The City of Kingston is looking for another lawyer. It is seeking “a qualified legal consultant to provide outside counsel on the City’s current in rem foreclosure process.” The service will help the city’s office of housing initiatives, the building and safety division, and the corporation counsel to devise legal strategies to deal with properties that have languished in foreclosure.
Often vacant or abandoned, these zombie properties are seen as a blight to communities and a barrier to achieving equity in housing supply.
“With an extreme shortage of housing stock,” mayor Steve Noble has said, “it’s unconscionable for homes to be sitting vacant, deteriorating, when so many are in need.”
Kingston director of housing initiatives Bartek Starodaj estimates that there are between 200 and 300 vacant homes in the city. Fewer than half are in foreclosure. It’s been a time-consuming task to identify problem properties, research the titles, and establish the stage of foreclosure the properties are in.
State legislation known as the “Zombie Property Remediation Act of 2019” was released into the legal wilds specifically to address abandoned and vacant properties. Zombie properties are rarely maintained while they are frozen in prolonged court proceedings.
The law basically compels mortgage lenders to assume maintenance obligations over one-to-four-family residential properties within 90 days of when their mortgage loans fall into delinquency. Such properties are not just investment vehicles for the lenders. Since they are their actual properties, lenders need to act like homeowners in good standing.
On January 6, 2019 state attorney general Letitia James announced the expansion of the grant initiative, now known as Zombie 2.0, to address the growing statewide issue. Out of that nine-million-dollar grant program, the City of Kingston received $128,250 to help improve its housing-code enforcement, to track and monitor vacant properties, and to bolster its capacity for legal enforcement.
Banks and mortgage companies will need to comply with local and state law.
“These abandoned houses significantly decrease property values,” said James, “and threaten the safety of surrounding neighborhoods.”
These grants are a continuation of the 2016 Zombie Remediation and Prevention Initiative created by the New York attorney general’s office, which has provided nearly $13 million in grants to 76 New York municipalities.

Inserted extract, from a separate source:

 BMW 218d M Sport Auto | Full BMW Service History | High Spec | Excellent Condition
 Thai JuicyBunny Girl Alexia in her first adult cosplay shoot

The national non-profit LISC (Local Initiatives Support Corporation) runs Zombie 2.0 with funds administered by the non-profit Enterprise Community Partners.
“Municipalities all over the state are reducing their number of vacant homes, energizing their local economies and improving their long-term quality of life,” says Helene Caloir, director of LISC’s New York Stabilization Fund. “One vacant house gets spruced up and soon there are prospective purchasers. Surrounding neighbors start investing more in their homes as nearby properties improve, and the entire community is lifted. House by house, block by block, neighborhoods are on the upswing.”
The legal consultant will assist lenders and mortgage servicers to bring properties into legal compliance, to expedite their foreclosures, and to pursue other initiatives to relieve the negative impacts of abandoned properties.
At least six city-owned properties have unknown or unresolved liens. Remediating the title issues will allow the city to transfer these properties to qualified buyers.
Proposals in response to the RFP (Request For Proposals) are due by March 8 at 2 p.m.